Valeria, que desde hace tiempo recorre distintos puntos de la ciudad ofreciendo sus preparaciones, explicó que un puesto estable le permitiría ordenar mejor su actividad, invertir en equipamiento y garantizar mayor higiene y comodidad para sus clientes. “No quiero que me regalen nada —comentó—, solo tener un lugar donde trabajar de manera más formal”.
Según relató la propia emprendedora, el jefe comunal escuchó el planteo, tomó nota de la situación y fue claro en su respuesta: hoy la Municipalidad atraviesa un contexto complejo de reordenamiento urbano y económico, por lo que cualquier autorización de puestos fijos debe evaluarse con cuidado para no generar nuevos conflictos de espacio público ni desigualdades frente a otros trabajadores.

“Hay que esperar un tiempo”, fue la frase que Valeria destacó del diálogo con Velázquez. Para la joven, lejos de sonar como un rechazo, la respuesta resultó “sincera y realista”, en línea con las dificultades que enfrenta el Municipio para compatibilizar la necesidad de trabajo de muchos vecinos con el ordenamiento de veredas y espacios comunes.

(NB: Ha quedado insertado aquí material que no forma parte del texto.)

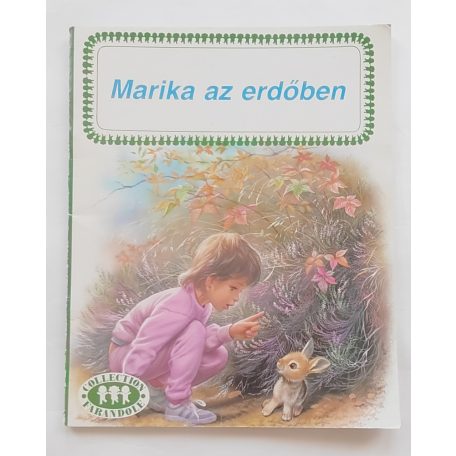Gilbert Delahaye: Marika az erdőben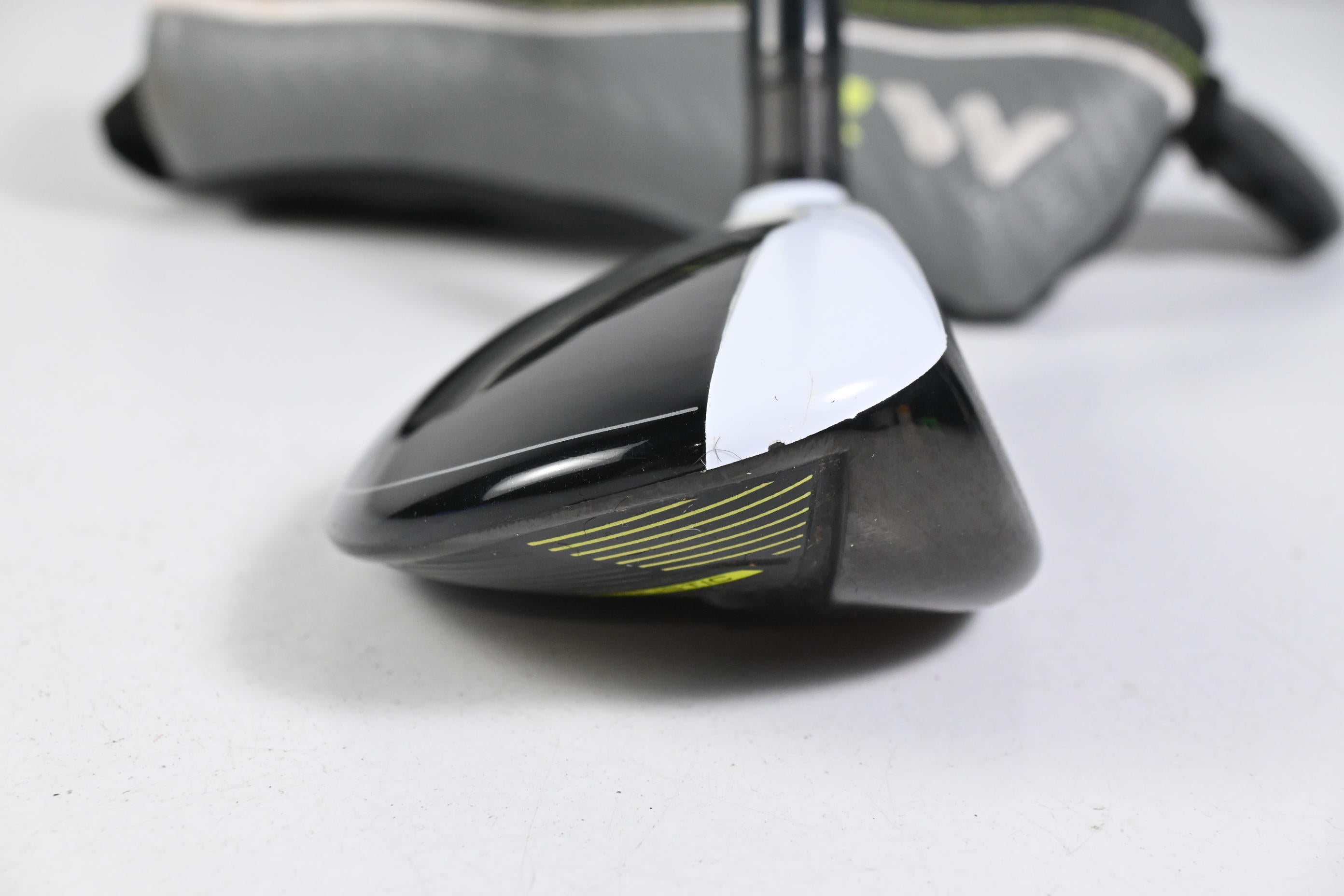 Taylormade M2 2017 #5 Hybrid / 25 Degree / Senior Flex Taylormade Reax M2 55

Desde el Ejecutivo remarcaron que las audiencias de los miércoles buscan justamente poner cara a cara a los vecinos con el intendente, escuchar demandas concretas y construir soluciones posibles, aunque muchas veces no puedan resolverse de inmediato. En esa línea, se dejó abierta la puerta para revisar el pedido de Valeria cuando avancen los planes de reubicación y ordenamiento comercial que se vienen trabajando.
Mientras tanto, la emprendedora seguirá apostando a su iniciativa gastronómica, con la expectativa de que, en una próxima etapa, pueda formar parte de un esquema más formal de comercio urbano que combine oportunidades de desarrollo con respeto al espacio público.